WHAT THE TASK ASKS
Every line below from the one with "2K Nature Flowers Instagram Account for sale" through the one with "Timelapse of Growing" should be retyped exactly, both ends included; no other lines and no pictures.

GIVEN DATA

|---|

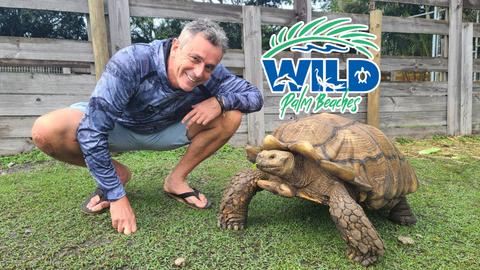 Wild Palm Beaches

|---|

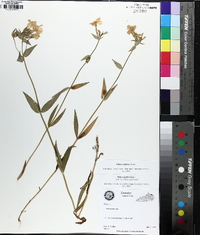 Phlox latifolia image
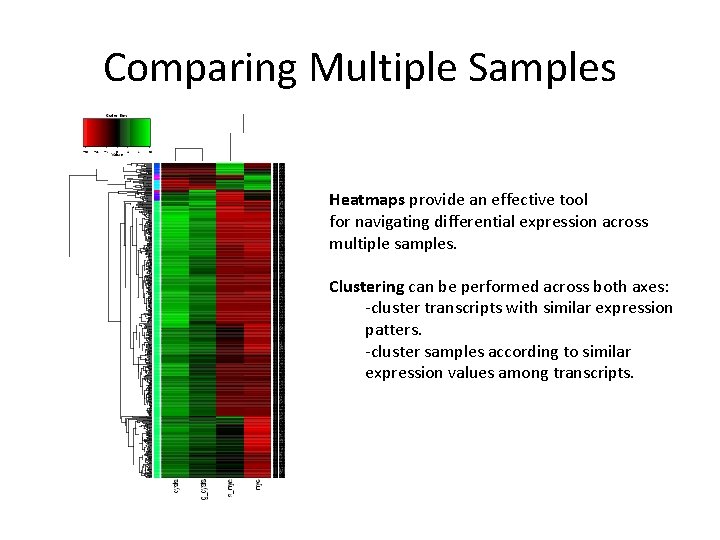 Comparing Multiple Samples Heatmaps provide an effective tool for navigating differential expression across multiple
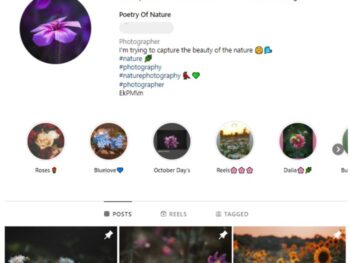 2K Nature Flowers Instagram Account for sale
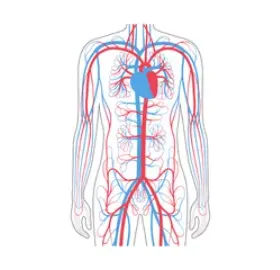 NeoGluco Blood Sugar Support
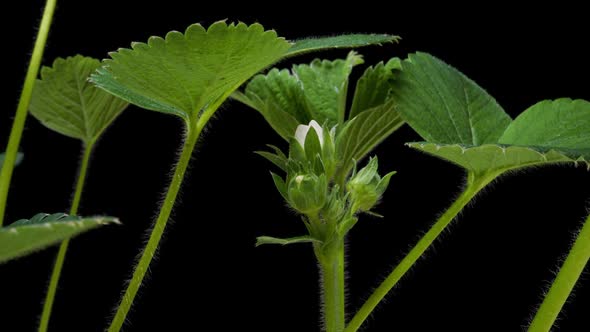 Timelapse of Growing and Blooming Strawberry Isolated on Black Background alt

|---|

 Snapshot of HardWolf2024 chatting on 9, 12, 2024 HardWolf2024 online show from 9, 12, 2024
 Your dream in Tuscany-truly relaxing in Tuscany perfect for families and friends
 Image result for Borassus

|---|

TASK ANSWER
 2K Nature Flowers Instagram Account for sale
 NeoGluco Blood Sugar Support
 Timelapse of Growing and Blooming Strawberry Isolated on Black Background alt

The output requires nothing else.